'''

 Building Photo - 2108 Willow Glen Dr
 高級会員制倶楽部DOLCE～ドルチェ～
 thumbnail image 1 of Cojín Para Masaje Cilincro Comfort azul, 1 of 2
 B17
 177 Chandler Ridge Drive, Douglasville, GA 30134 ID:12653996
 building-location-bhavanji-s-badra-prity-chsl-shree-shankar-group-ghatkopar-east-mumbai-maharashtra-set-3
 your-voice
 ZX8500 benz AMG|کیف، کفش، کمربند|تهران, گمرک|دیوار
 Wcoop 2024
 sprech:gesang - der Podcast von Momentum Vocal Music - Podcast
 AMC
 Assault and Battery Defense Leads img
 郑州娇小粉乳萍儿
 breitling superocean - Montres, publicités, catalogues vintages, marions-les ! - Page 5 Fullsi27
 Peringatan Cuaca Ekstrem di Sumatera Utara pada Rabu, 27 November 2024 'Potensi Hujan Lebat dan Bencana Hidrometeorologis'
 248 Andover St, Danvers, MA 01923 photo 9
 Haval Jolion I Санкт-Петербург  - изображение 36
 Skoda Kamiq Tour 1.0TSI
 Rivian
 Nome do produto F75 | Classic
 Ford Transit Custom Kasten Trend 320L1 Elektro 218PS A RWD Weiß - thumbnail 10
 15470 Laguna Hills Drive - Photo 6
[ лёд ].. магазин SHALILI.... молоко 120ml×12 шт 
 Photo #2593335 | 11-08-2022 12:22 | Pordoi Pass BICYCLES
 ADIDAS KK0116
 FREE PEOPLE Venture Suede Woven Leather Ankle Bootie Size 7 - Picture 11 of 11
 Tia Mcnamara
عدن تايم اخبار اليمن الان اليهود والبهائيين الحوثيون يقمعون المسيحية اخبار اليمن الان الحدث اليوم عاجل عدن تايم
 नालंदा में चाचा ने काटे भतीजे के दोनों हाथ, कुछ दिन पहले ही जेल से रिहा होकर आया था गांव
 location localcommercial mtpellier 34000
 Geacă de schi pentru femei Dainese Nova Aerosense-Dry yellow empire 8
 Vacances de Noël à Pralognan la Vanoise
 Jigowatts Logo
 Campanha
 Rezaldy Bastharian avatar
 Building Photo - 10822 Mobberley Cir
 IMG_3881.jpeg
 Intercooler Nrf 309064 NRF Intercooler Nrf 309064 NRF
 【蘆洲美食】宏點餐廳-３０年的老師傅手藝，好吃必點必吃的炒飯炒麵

'''

Check each line of the listing for "location", and copy the ones that hold it.

## Solution
 building-location-bhavanji-s-badra-prity-chsl-shree-shankar-group-ghatkopar-east-mumbai-maharashtra-set-3
 location localcommercial mtpellier 34000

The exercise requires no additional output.